GE Aerospace
Fleet management and supply chain performance
Palantir
Aerospace/manufacturing
Typical Forward Deployed model
Standard case | Useful reference with remaining gaps
Evidence level A
Scaled
A
Evidence level
GE Aerospace: fleet management and supply chain performance
Evidence level measures whether a source can be located and reviewed; it does not mean vendor-reported claims were independently audited.
Standard case | Useful reference with remaining gaps
9 / 12
Business context1 / 2
Transformation workflow1 / 2
Technical workflow2 / 2
Human roles & governance1 / 2
Measured outcomes2 / 2
Source traceability2 / 2
Remaining gaps: Business context, Transformation workflow, Human roles & governance
Business problem
Engine production and fleet support spans complex supply chains, spare parts, quality and maintenance data, with high delivery pressure.
Solution
AIP/Foundry harmonizes supply chain and fleet operating data to implementable streams to support forecasting, prioritization and resource allocation.
Technical architecture & production workflow
Step 01
Equipment/quality/process/maintenance/supply chain/historical events
→
Step 02
Foundry integrates real-time and historical industry data
→
Step 03
Establishment of equipment, spare parts, orders, processes and constraints
→
Step 04
AIP/project/optimal identification of risks and recommended actions
→
Step 05
Engineer/field personnel confirm and operate
→
Step 06
Implementation results and failure feedback deposition as follow-up model and rule context
Key technology & infrastructure components
FoundryAIPOntologySupply chain/ fleet dataProjections and actions
Human roles & accountability
The engineering, supply chain and operations teams are responsible for final production/maintenance operations.
FDE delivery actions
- Aerial engine production and fleet first-line teams to complete the process and identify nodes that really require decision-making rather than presentation of data
- Collapse decentralized data sources, competencies and business terms into a single, operational Ontology
- Combine business rules, optimization models, LLM and traditional software according to a reliable boundary, instead of letting the LLM operate
- Insert recommendations directly into existing operating workstations and design approvals, rejections, upgrades and write back to Action
- Continue to modify Ontology, rules and automation with operational KPI acceptance and feedback
Reusable delivery patterns
- Let's be clear about the client, the relationship, the state and the action, and then talk about Agent.

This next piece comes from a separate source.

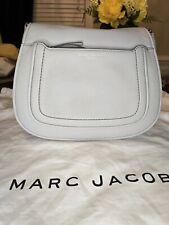 Marc jacobs purse for sale  Simpsonville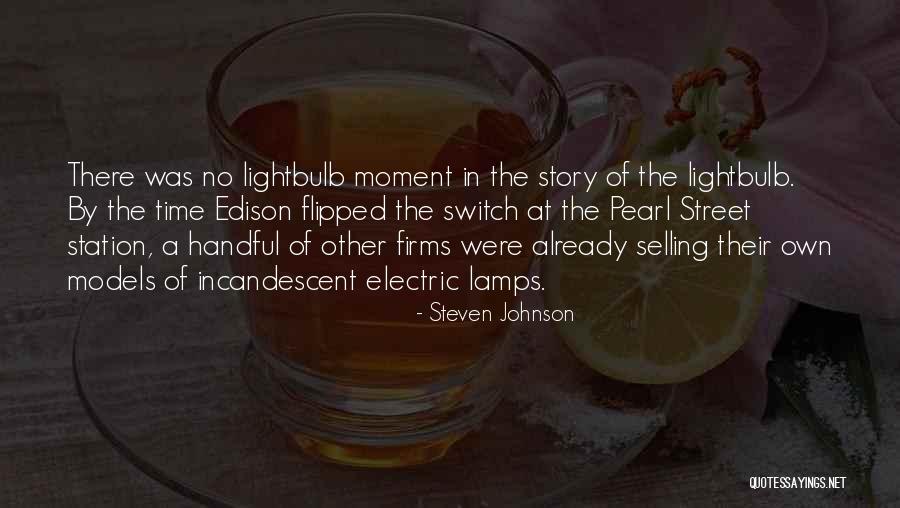 Sugar Plum Princess Quotes By Steven Johnson Sugar Plum Princess Quotes By Steven Johnson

- The recommendation must enter the executable stream, otherwise it's just another dashboard.
- High-value deployment is often a combination of data integration + rules/ optimization + AI + Human-in-the-lop
- Continuous rewriting of the results of implementation to build cumulative operational memory
Business outcomes & delivery results
Official Q1,2026 material reported a 26 per cent increase in commercial and military engine output in 2025; Palantir listed AIP as a system to support fleet and supply chain performance.
Evidence boundaries & verification notes
- Official Business Update has clearly upgraded AIP along with fleet management, supply chain performance and 26 per cent of output; the full increment cannot be attributed separately to Palantir on this basis.
- The source can be directly located in the case; the value remains disclosed by the source and does not represent an independent audit.